Cómo aprender a integrar la ausencia durante el duelo

Al inicio del proceso de duelo, los recuerdos suelen estar cargados de un intenso dolor emocional. Una canción, una fotografía o un lugar pueden activar tristeza, llanto o angustia. Esto es una respuesta natural: el cerebro y el corazón están intentando asimilar una realidad que resulta difícil de aceptar.

Con el paso del tiempo y con un acompañamiento adecuado, el proceso de duelo permite comprender que el objetivo no es olvidar, sino integrar los recuerdos y aprender a convivir con ellos. Integrar implica que el recuerdo ya no paralice ni desborde, sino que puede evocar nostalgia, gratitud o amor, aun cuando exista tristeza. (Worden, 2009) señala que una de las tareas del duelo consiste en recolocar emocionalmente al ser querido y continuar viviendo, lo cual no significa dejar de amar, sino transformar la relación desde la ausencia física hacia una presencia simbólica.
Recordar sin dolor constante es un proceso gradual. Requiere permitirse sentir, validar las emociones y comprender que no hay un tiempo exacto para “estar bien”. Cada persona avanza a su propio ritmo, y cada recuerdo se acomoda de manera distinta en el corazón.

¿Qué hacer con los objetos y pertenencias del ser querido?

La ropa, pertenencias o fotografías personales suelen tener un gran valor simbólico. Representan el vínculo y la historia compartida. Por eso, decidir qué hacer con ellos puede resultar difícil.
No existe una única forma correcta. Algunas personas prefieren conservarlos; otras guardarlos o regalarlos. Lo importante es que la decisión respete el propio ritmo emocional, sin presiones externas. Desde la psicología, estos objetos pueden convertirse en “objetos de continuidad”, es decir, elementos que ayudan a mantener un vínculo simbólico sano (Neimeyer, 2015).

Conservar, transformar o soltar puede ser parte del proceso de sanación, siempre que la elección nazca del cuidado personal.

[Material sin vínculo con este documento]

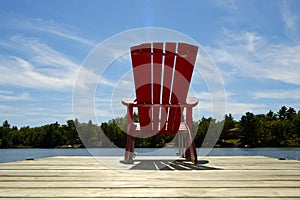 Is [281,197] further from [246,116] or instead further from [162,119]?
[246,116]

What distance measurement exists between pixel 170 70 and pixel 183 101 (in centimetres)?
63

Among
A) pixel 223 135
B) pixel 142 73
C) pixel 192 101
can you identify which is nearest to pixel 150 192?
pixel 142 73

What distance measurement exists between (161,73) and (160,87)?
0.87 ft

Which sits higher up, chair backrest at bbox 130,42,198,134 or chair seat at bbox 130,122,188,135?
chair backrest at bbox 130,42,198,134

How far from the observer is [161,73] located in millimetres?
4738

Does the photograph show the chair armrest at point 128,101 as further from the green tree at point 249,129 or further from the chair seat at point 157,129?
the green tree at point 249,129

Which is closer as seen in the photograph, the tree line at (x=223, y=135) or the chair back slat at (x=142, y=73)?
the chair back slat at (x=142, y=73)

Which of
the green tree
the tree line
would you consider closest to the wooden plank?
the tree line

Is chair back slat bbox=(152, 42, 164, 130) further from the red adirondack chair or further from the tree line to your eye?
the tree line

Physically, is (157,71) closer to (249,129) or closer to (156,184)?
(156,184)

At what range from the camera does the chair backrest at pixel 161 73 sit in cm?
428

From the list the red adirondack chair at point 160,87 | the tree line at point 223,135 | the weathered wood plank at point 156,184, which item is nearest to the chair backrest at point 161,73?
the red adirondack chair at point 160,87

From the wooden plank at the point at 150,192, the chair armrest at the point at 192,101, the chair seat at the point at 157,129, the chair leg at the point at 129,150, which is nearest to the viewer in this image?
the wooden plank at the point at 150,192

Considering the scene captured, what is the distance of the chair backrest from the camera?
4.28 metres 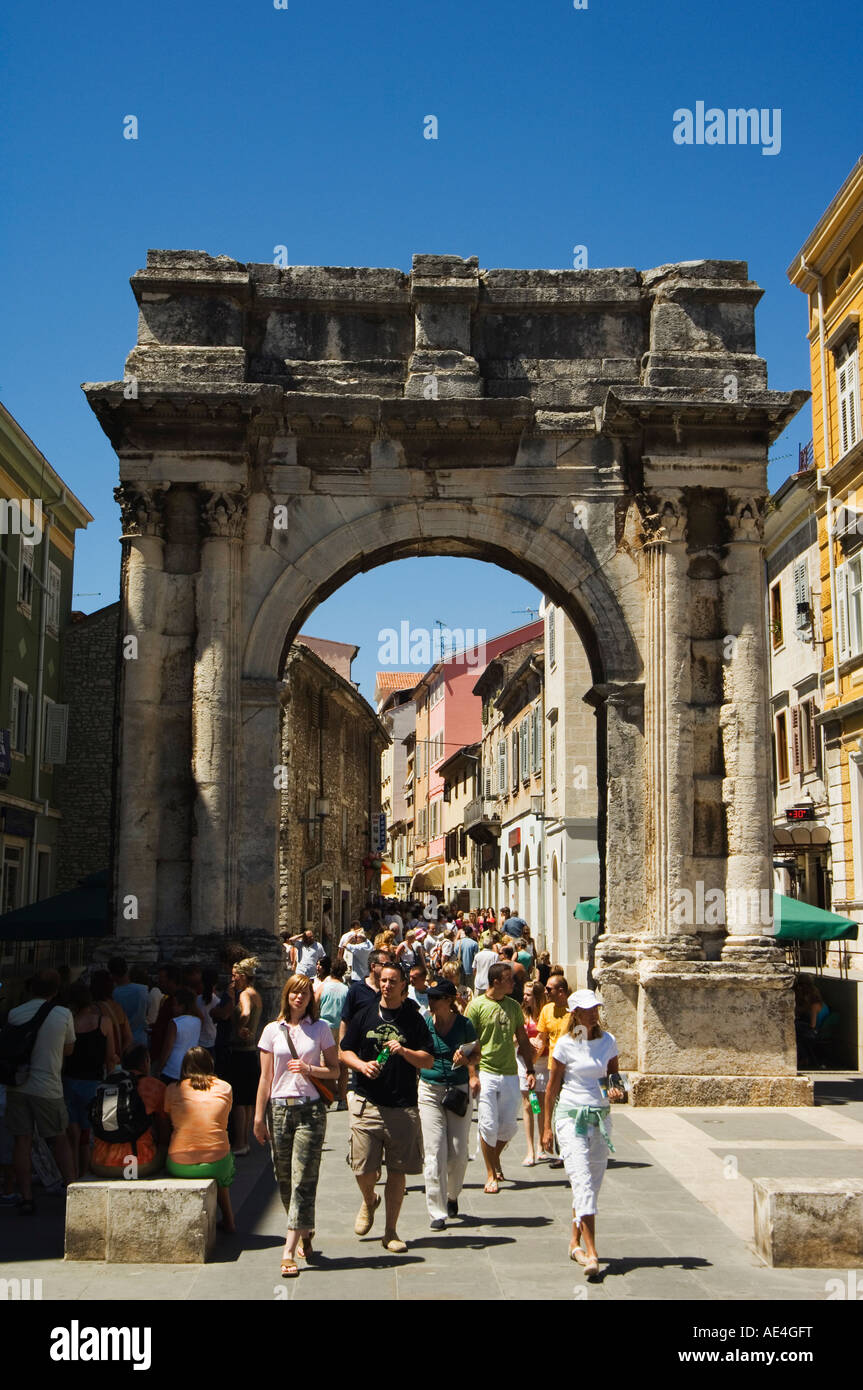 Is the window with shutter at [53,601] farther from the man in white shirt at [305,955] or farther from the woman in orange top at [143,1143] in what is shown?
the woman in orange top at [143,1143]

La memoria emocional y su lugar en el duelo

La memoria no solo es cognitiva; también es emocional. La memoria emocional guarda las sensaciones, afectos y significados asociados a la persona que ya no está. Por eso, en el duelo no solo se extraña al ser querido, sino también cómo nos hacía sentir: el rol que ocupaba en nuestra vida, la seguridad, el amor o la compañía que brindaba.
Esta memoria emocional puede activarse de manera inesperada y generar reacciones intensas. Comprender esto ayuda a normalizar el proceso y a disminuir la autoexigencia. No se trata de “controlar” las emociones, sino de aprender a escucharlas y darles un lugar.

Desde enfoques contemporáneos del duelo, como el modelo de los vínculos continuos, se plantea que mantener una conexión interna con el ser querido es parte de un duelo sano (Neimeyer, 2015). Hablarle mentalmente, recordarlo en fechas significativas o realizar actos en su honor son formas de integrar esa memoria emocional sin que interfiera negativamente en la vida cotidiana.

Uno de los objetivos del proceso de duelo es transformar la relación con quien ya no está. Con el tiempo, los recuerdos pueden pasar de ser fuente de dolor constante a convertirse en huellas de amor y significado. Honrar la memoria del ser querido es permitir que su legado nos acompañe mientras seguimos viviendo. “Recordar también puede ser una forma de sanar.”

 

Psi. Jazmín Cáceres
Psicóloga – Unidad de duelo de Los Olivos

Referencias:
Bowlby, J. (1993). Apego y pérdida: La pérdida. Paidós.
Neimeyer, R. A. (2015). Aprender de la pérdida: Una guía para afrontar el duelo. Paidós.
Worden, J. W. (2009). El tratamiento del duelo: Asesoramiento psicológico y terapia. Paidós.